I had a really nice Burundi Natural as a "filter" (I must be honest I didn't even ask what sort of filter as I was busy choosing food and a Drewsterette was doing the drinks) They certainly had paraphernalia for V60, Chemex, Kalita etc.

The filter choices yesterday were all Burundi - Natural, Washed, Honey....... but apparently it rotates fairly often.

The other coffee drinker had a flat white.

Both coffee were nice my filter had just enough funk so that (even) I could tell it was a natural and a really nice (red) fruitiness - very pleasant indeed.

The food was..... well the food was really good and really "different".... Lots of sweet stuff and a few savoury things but all a little "off the wall"...

Toast with ice-cream, lemon curd, berry jam and stuff.. to be fair they describe it much better.

Multiple toasts (cardamon bread, milk bread, chocolate bread, sourdough etc) with Salted Choc-caramel, Lemon Curd, Berry Jam

A breakfast "Hash" - Sourdough toast, egg, tomato, mushroom, sausage etc

Plus various cakes etc and various Teas and (hot) chocolates...

The side wall of the cafe/shop faces onto the Roasting area - dormant on a Saturday morning.

They sell all sorts of brewing kit (Wilfa, V60, CHemex etc) and obviously beans but also various other oddities...

Well worth a (slight) detour into town from our parking (near the Tetley Brewery) for a fairly leisurely brunch - I would even say worth a little stroll out of town (and back) for lunch away from the heaving masses.

I didn't partake - but it might be nice in summer - but you can get a water/river taxi into/out of town as well.

I must say this was the highlight of my day - albeit that the rest of the day was traipsing round Leeds with women "picking" clothes for a wedding (I picked out a DJ in 5 minutes)...
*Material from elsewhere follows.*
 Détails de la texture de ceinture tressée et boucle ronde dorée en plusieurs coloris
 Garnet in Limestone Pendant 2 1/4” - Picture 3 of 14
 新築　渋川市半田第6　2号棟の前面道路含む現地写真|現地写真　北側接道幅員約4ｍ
NB the women "picking" obviously resulted in 712 "maybe", 34 purchases "to try at home" and 0 actual decisions!!!


----------



## Grimley (Jan 18, 2015)

I did venture up there about 15 months ago before North star opened their shop, the Roastery is next door. Back then Laynes Espresso was in there for a short while with a pop up shop for the Xmas period. I paid them a visit on the Wednesday & the roaster was closed due to roasting. Not a happy bunny at the time as I wanted some beans, but the Barista on duty there popped in next door & managed to get me a couple of bags, so it wasnt a wasted journey after all. I would say for some its a bit of a trek from the city centre & there's a fair few good coffee shops in Leeds city centre without making too much of an effort, out of three that I tried in Leeds city centre La Bottega Milanese I liked the most. If you are paying a Visit to the Royal Amouries though, its a no brainer as its only round the corner. It does have a captive market too where it is & I'm glad its doing well.


----------